Speaking of light propagation, plane waves can be useful for teasing a few more properties about electromagnetic plane waves. Firstly, it’s worth pointing out that ${\vec {k}}$ and $\omega$ can’t be independent. We know how fast light travels ($c$ ), so it must be true that as light propagates through the spatial distance that corresponds to a period, the time that elapses must also correspond to a period for the given frequency.

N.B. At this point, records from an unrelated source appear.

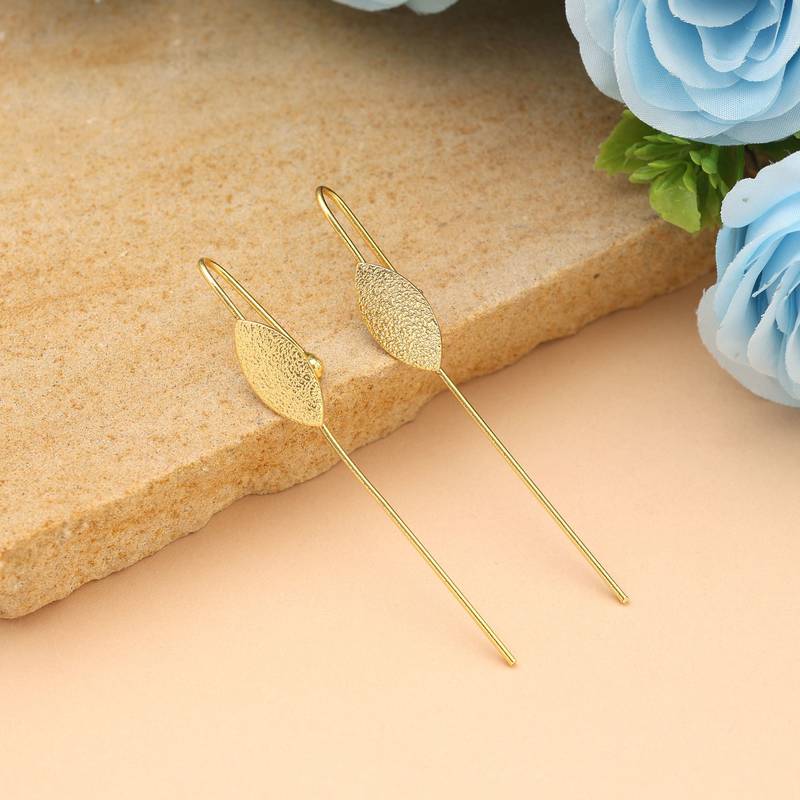 Gold color earcuff featuring artistic traditional craftsmanship created for striking festive elegance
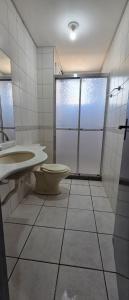 a bathroom with a toilet and a sink and a shower at Apto térreo aconchego e localização central in Santa Rosa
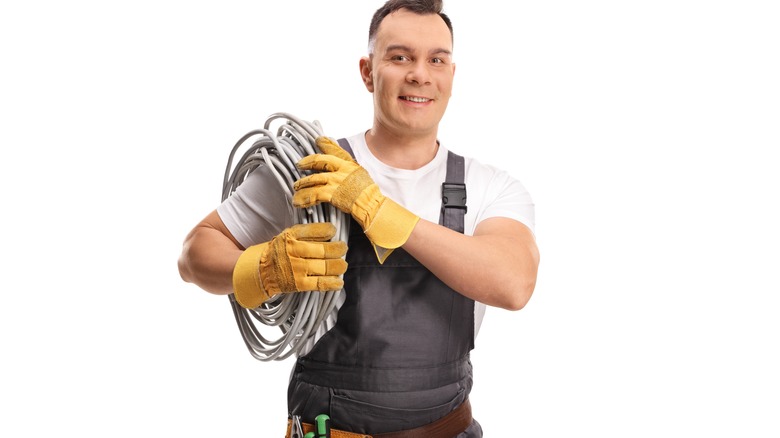 electrician carrying cables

Mathematically, the spatial distance corresponding to one period is $2\pi /k$ , and the time corresponding to one period is $2\pi /\omega$ , so we have

{\begin{aligned}{\frac {2\pi }{k}}{\frac {1}{c}}&={\frac {2\pi }{\omega }}\\ck&=\omega \\\end{aligned}}\,\! This is really just another way of saying

$\nu \lambda =c\,\!$ Moreover, light must be propagating in the direction ${\vec {k}}$ .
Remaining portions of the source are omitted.